Living Well (Plato and Crito, forth century BCE)

Living Well

Socrates is in prison, condemned to die. His friend Crito has arranged an escape.

CRITO: I know some people who are willing to rescue you and get you out of the country. Why throw away your life?

SOCRATES: My dear Crito, I appreciate your warm feelings, if, that is, they have some justification. Tell me this: Isn’t the really important thing not to live but to live well?

CRITO: Why, yes.

SOCRATES: And to live well means the same thing as to live honorably or rightly?

CRITO: Yes.

SOCRATES: Then in the light of this we must decide whether it is right for me to get away without an official discharge. Is it not so that one ought to fulfill all of one’s agreements, provided they are right?

CRITO: One ought to fulfill them.

SOCRATES: Then consider the logical consequence.
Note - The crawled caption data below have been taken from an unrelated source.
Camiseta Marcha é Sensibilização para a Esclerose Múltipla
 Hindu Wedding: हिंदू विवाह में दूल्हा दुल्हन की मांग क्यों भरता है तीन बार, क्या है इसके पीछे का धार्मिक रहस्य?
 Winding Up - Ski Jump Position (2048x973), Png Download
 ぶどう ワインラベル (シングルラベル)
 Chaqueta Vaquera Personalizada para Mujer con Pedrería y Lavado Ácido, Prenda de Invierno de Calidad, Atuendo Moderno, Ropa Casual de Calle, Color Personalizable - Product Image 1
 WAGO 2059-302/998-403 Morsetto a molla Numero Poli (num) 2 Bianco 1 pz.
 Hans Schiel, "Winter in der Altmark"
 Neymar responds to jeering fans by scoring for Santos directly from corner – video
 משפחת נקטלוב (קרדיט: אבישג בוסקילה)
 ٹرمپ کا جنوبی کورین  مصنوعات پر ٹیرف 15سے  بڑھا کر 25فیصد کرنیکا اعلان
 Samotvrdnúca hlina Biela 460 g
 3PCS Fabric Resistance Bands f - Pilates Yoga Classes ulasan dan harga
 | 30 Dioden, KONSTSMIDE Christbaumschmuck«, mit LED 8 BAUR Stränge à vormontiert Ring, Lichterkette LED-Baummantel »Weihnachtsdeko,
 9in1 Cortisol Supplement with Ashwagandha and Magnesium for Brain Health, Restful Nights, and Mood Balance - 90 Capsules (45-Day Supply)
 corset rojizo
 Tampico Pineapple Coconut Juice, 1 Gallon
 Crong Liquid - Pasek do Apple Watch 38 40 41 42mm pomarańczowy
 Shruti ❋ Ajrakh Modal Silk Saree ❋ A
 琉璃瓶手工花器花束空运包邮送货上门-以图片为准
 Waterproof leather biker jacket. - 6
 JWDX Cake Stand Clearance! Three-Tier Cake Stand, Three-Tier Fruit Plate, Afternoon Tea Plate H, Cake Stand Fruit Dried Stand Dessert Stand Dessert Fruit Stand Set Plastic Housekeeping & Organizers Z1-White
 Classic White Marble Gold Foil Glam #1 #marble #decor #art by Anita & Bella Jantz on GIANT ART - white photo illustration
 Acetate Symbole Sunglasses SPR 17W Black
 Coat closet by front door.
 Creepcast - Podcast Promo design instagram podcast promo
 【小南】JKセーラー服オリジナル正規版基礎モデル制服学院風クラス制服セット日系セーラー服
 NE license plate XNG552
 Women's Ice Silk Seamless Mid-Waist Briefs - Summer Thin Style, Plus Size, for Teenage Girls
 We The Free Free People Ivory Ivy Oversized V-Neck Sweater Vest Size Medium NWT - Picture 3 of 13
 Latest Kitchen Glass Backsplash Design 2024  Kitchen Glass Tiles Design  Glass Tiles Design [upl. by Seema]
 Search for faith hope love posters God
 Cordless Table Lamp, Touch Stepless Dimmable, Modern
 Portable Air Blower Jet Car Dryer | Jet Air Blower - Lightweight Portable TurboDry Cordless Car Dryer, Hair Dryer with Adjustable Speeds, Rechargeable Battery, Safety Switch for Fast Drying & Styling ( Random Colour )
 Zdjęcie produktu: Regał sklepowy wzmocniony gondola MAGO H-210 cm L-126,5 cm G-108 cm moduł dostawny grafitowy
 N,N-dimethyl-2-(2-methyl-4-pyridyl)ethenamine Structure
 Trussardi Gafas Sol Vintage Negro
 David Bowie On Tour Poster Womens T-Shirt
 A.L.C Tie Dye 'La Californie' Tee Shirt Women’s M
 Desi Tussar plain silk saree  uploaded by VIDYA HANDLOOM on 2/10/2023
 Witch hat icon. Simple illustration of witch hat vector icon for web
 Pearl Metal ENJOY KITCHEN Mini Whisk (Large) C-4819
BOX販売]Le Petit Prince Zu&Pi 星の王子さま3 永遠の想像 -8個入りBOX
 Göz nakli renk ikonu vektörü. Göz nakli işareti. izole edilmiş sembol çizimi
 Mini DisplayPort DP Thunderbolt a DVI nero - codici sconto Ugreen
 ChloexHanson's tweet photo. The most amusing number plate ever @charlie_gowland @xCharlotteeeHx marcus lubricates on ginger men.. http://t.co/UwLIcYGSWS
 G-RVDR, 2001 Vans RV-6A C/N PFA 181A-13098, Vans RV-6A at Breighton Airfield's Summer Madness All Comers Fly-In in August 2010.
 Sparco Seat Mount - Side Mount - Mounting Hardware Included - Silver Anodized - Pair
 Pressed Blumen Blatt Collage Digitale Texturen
Suppose while we were preparing to run away from here the Laws and Constitution of Athens were to come and confront us and ask, “Do you imagine that a city can continue to exist and not be destroyed if the legal judgments pronounced in it have no force, but can be nullified and destroyed by individual persons?” Suppose they said, “Was there a provision in the agreement between you and us [the Laws and Constitution] for you to disobey, or did you agree to abide by whatever judgments were pronounced?” What are we to say, Crito? Are we not bound to admit that we must obey?

CRITO: Indeed we are bound, Socrates.

SOCRATES: That, my dear friend Crito, is what I seem to hear them saying, just as a mystic seems to hear the strains of music, the sound of their arguments rings so loudly in my head that I cannot hear the other side. Do you wish to urge a different view?

CRITO: No, Socrates, I have nothing more to say.

SOCRATES: Then give it up, Crito, and let us follow the proper course, since God points out the way.

                                                                                               — Plato,Crito,

                                                                               abridged, fourth centuryBCE


P.S. If we have any disagreements with Plato's argument, where would be the place to start?